WHAT YOU WILL DO: Print the line that contains "Marks & Spencer", then every line after it until the entries end, exactly as they read; do not include pictures.

LISTED RECORDS: Begin

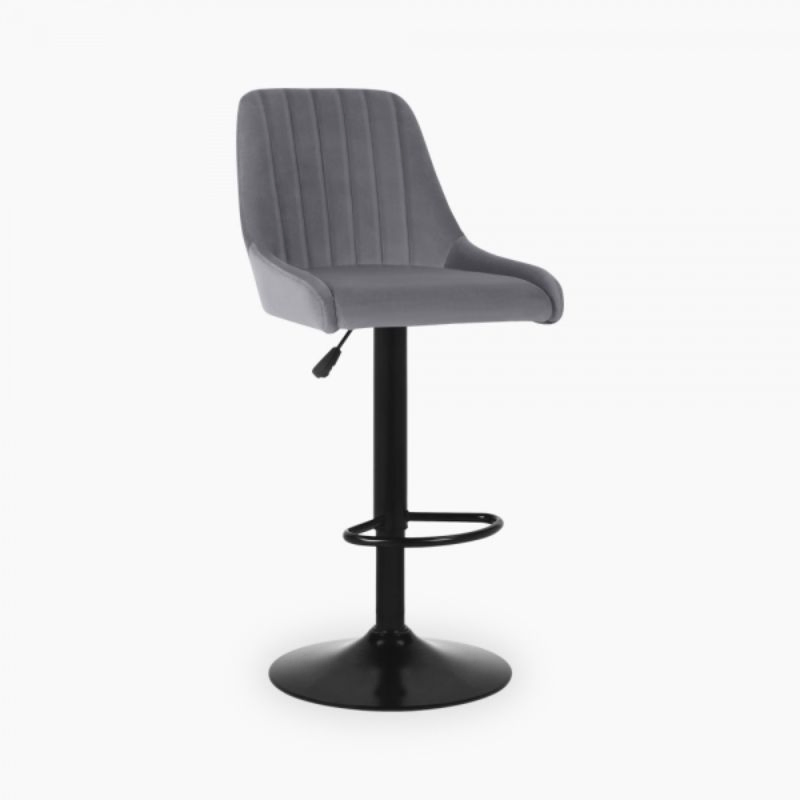 Taburete de bar de lujo para cocina con altura ajustable, tapizado en terciopelo y con reposabrazos
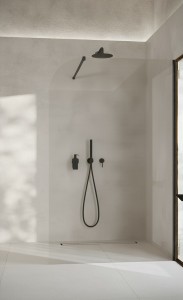 ADNaturalnie Kabina prysznicowa WALK IN przyścienna GARDA WALL 100x194 cm szkło transparentne wykończenie CZARNE z powłoką NANO SPR-005TR-100CZ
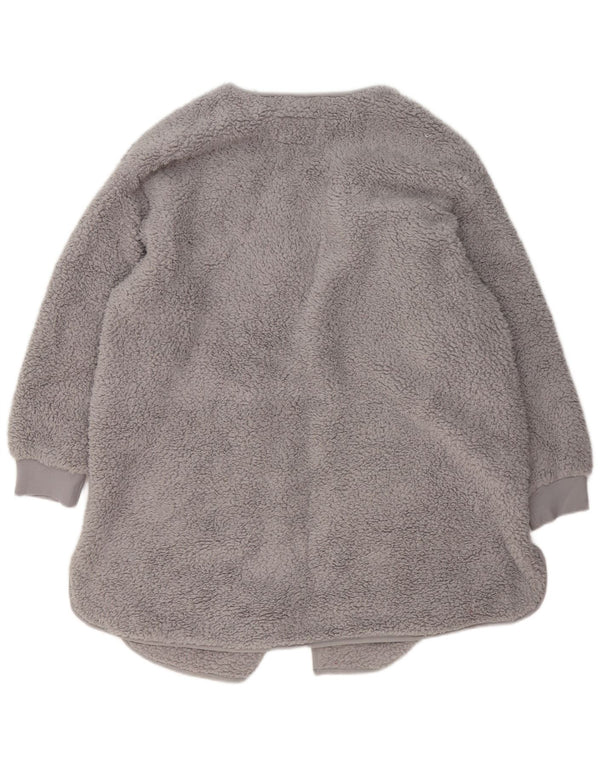 Marks & Spencer Womens Oversized Open Fleece Overcoat UK 16 Large Grey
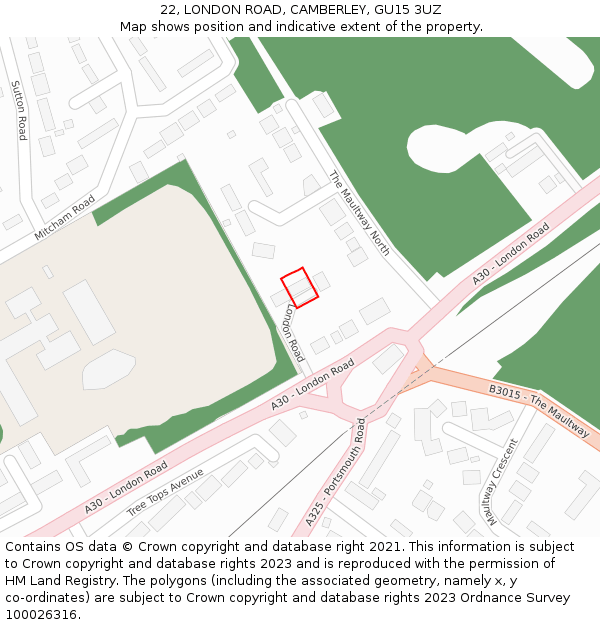 22, LONDON ROAD, CAMBERLEY, GU15 3UZ: Location map and indicative extent of plot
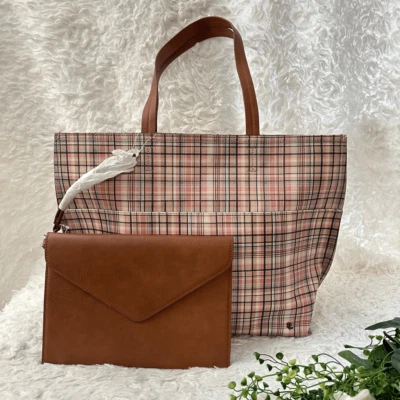 Bolso Elliott Lucca Delphine Cuero Sintético a Cuadros East WestTote con Bolsa Delgada NUEVO Foto 1 de 4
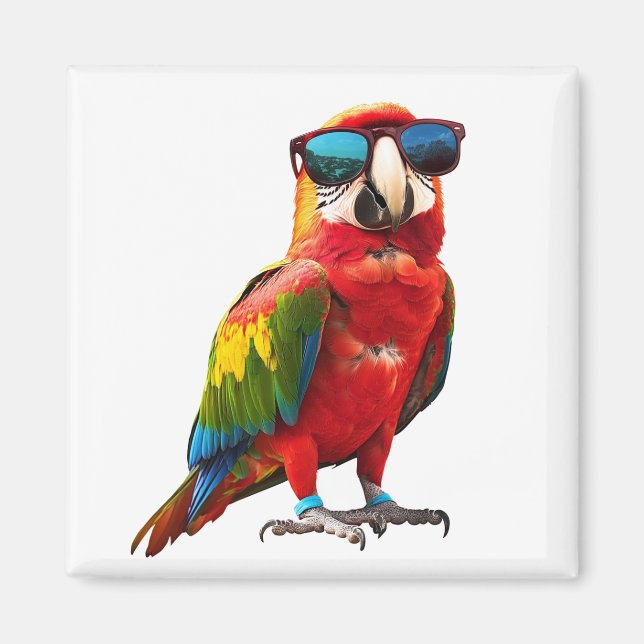 Coola Parrot med solglasögon Magnet (Framsidan)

LISTED RECORDS: End

WRITTEN SOLUTION:
 Marks & Spencer Womens Oversized Open Fleece Overcoat UK 16 Large Grey
 22, LONDON ROAD, CAMBERLEY, GU15 3UZ: Location map and indicative extent of plot
 Bolso Elliott Lucca Delphine Cuero Sintético a Cuadros East WestTote con Bolsa Delgada NUEVO Foto 1 de 4
 Coola Parrot med solglasögon Magnet (Framsidan)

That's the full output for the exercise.